Crawled caption data
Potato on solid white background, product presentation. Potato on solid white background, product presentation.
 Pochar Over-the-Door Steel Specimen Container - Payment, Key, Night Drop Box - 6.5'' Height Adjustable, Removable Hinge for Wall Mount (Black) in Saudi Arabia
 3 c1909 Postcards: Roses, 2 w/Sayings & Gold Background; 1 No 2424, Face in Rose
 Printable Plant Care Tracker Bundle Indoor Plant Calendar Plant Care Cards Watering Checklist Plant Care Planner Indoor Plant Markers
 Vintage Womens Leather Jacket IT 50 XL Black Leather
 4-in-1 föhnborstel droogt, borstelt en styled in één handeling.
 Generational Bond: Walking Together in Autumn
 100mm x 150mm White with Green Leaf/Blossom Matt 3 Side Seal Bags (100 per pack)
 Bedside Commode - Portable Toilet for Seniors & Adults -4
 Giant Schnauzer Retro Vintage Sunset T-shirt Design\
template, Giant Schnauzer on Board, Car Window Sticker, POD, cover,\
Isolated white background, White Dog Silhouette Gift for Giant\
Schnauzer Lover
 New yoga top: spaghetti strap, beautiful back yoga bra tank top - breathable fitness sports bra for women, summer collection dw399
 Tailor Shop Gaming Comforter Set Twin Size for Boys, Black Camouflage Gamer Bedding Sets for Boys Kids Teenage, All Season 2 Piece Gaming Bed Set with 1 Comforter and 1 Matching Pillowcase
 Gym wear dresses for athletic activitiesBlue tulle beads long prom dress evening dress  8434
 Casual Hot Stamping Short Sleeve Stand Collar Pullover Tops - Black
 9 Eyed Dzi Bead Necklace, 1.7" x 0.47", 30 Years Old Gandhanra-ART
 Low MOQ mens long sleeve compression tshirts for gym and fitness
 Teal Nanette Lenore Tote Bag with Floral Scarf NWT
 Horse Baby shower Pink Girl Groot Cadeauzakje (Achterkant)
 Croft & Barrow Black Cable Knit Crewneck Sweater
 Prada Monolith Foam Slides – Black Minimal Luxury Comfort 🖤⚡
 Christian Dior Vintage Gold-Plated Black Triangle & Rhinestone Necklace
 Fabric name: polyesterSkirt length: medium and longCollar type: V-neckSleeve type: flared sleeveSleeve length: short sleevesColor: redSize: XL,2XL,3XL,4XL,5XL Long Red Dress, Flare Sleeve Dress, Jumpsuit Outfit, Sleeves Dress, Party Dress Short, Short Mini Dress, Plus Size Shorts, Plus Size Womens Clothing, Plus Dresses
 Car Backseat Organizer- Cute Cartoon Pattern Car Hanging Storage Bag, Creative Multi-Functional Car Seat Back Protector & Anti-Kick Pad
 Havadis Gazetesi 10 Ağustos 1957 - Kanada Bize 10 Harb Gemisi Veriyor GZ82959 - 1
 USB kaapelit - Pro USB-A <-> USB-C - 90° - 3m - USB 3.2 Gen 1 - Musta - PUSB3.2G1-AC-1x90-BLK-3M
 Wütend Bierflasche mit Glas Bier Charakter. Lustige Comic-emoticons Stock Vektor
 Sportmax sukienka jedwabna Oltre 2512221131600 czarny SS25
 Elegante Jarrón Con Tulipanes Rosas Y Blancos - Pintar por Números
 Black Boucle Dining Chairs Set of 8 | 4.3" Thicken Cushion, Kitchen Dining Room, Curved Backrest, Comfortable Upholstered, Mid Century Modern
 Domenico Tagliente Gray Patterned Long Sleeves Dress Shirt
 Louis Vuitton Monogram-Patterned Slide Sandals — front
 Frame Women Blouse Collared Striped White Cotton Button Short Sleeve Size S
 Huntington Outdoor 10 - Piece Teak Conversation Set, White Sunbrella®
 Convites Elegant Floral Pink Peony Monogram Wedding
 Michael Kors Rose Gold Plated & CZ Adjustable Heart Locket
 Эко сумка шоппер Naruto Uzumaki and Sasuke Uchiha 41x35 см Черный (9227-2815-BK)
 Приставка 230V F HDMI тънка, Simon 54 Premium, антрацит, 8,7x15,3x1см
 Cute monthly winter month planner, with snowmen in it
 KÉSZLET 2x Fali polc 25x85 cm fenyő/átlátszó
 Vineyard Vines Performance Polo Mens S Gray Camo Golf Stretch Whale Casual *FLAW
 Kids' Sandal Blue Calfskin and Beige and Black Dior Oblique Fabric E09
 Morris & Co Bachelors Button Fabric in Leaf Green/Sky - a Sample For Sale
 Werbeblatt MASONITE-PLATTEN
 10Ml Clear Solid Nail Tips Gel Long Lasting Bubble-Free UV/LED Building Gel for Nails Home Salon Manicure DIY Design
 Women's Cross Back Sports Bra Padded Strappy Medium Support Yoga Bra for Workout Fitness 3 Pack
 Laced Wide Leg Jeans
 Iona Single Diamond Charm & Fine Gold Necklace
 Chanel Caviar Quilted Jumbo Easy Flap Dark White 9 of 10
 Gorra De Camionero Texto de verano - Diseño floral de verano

* **Task objective**: Return the entries exactly through the "3 c1909 Postcards: Roses, 2" line.

* **Answer area**:
Potato on solid white background, product presentation. Potato on solid white background, product presentation.
 Pochar Over-the-Door Steel Specimen Container - Payment, Key, Night Drop Box - 6.5'' Height Adjustable, Removable Hinge for Wall Mount (Black) in Saudi Arabia
 3 c1909 Postcards: Roses, 2 w/Sayings & Gold Background; 1 No 2424, Face in Rose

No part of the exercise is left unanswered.